Inflammation predicts accelerated brachial arterial wall changes in patients with recent-onset rheumatoid arthritis Academic Article uri icon

abstract

  • INTRODUCTION: Patients with recent-onset rheumatoid arthritis (RA) have impaired brachial artery endothelial function compared with controls matched for age, sex and cardiovascular risk factors. The present study examined endothelium-dependent (flow-mediated dilatation (FMD)) and independent (glyceryl trinitrate (GTN)-mediated dilatation (GMD)) structural responses in early RA patients, and determined progress over one year. METHODS: Brachial artery FMD and GMD and carotid intima media thickness (cIMT) were studied using ultrasound in 20 patients diagnosed with early RA in whom symptoms had been present for less than 12 months, and in 20 control subjects matched for age, sex and established cardiovascular risk factors.

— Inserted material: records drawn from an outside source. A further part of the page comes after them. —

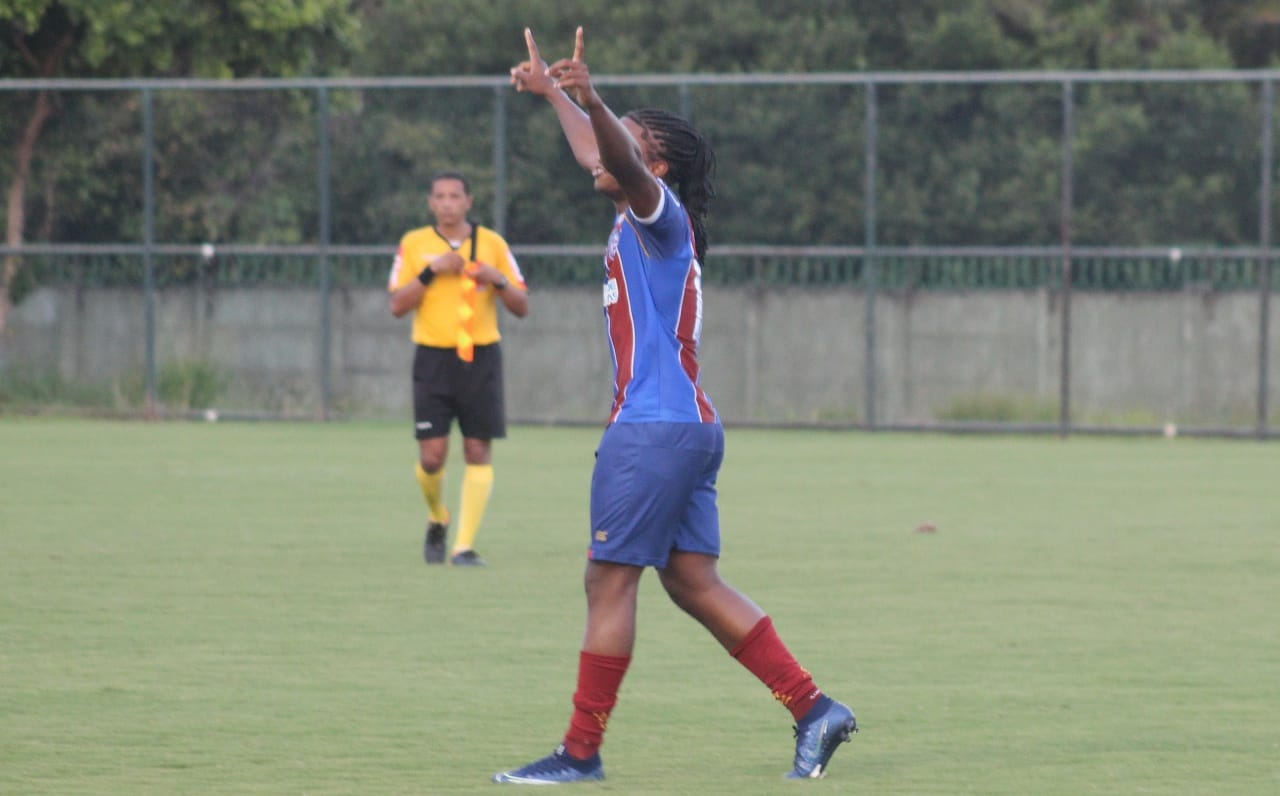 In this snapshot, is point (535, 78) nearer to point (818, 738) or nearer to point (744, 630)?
point (744, 630)

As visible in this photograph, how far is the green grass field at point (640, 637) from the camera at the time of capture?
6461mm

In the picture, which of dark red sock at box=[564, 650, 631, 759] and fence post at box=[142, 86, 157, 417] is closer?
dark red sock at box=[564, 650, 631, 759]

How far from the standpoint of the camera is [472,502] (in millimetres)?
11336

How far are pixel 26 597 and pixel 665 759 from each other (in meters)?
4.27

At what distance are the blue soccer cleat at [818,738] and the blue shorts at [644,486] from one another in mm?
620

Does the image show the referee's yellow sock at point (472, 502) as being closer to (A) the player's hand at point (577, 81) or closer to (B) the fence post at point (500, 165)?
(A) the player's hand at point (577, 81)

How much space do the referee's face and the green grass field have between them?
1.78 m

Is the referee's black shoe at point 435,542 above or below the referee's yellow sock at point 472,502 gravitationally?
below

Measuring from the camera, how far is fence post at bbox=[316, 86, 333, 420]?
21.5m

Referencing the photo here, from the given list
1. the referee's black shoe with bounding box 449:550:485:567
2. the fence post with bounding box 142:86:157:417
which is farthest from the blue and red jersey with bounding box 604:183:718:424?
the fence post with bounding box 142:86:157:417

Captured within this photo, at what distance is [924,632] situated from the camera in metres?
8.99

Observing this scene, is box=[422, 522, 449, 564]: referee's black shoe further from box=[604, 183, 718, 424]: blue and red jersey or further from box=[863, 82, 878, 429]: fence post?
box=[863, 82, 878, 429]: fence post

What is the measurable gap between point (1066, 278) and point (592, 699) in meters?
14.7

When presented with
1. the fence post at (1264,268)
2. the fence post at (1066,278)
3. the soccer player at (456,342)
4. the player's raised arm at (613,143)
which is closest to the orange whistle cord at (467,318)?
the soccer player at (456,342) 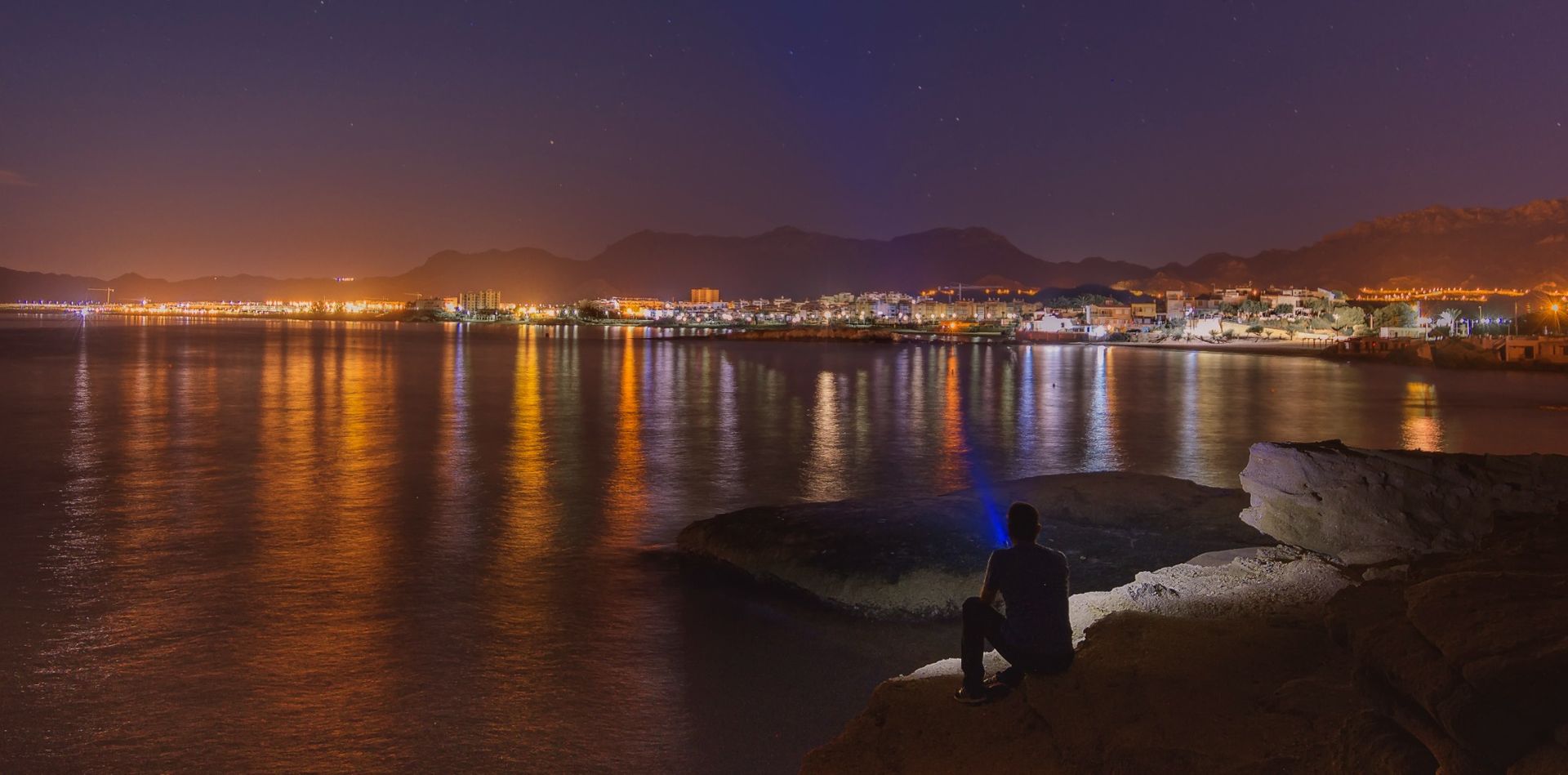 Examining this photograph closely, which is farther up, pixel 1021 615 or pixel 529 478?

FMD and GMD were re-assessed after 12 months in RA patients and the change in each parameter was calculated. Data were analysed by univariate regression. RESULTS: Mean FMD and GMD were significantly lower in early RA patients at baseline than in controls, but each parameter significantly improved in one year. FMD and GMD responses were positively associated with each other. Patients' age, C-reactive protein (CRP) level and cIMT at baseline and CRP level at one year, were negatively associated with change in brachial responses in one year. CONCLUSIONS: Patients with recent-onset RA have altered brachial artery responses signifying both functional and structural abnormalities. However, early control of inflammation may reduce arterial dysfunction and thus the tendency for atherosclerotic progression.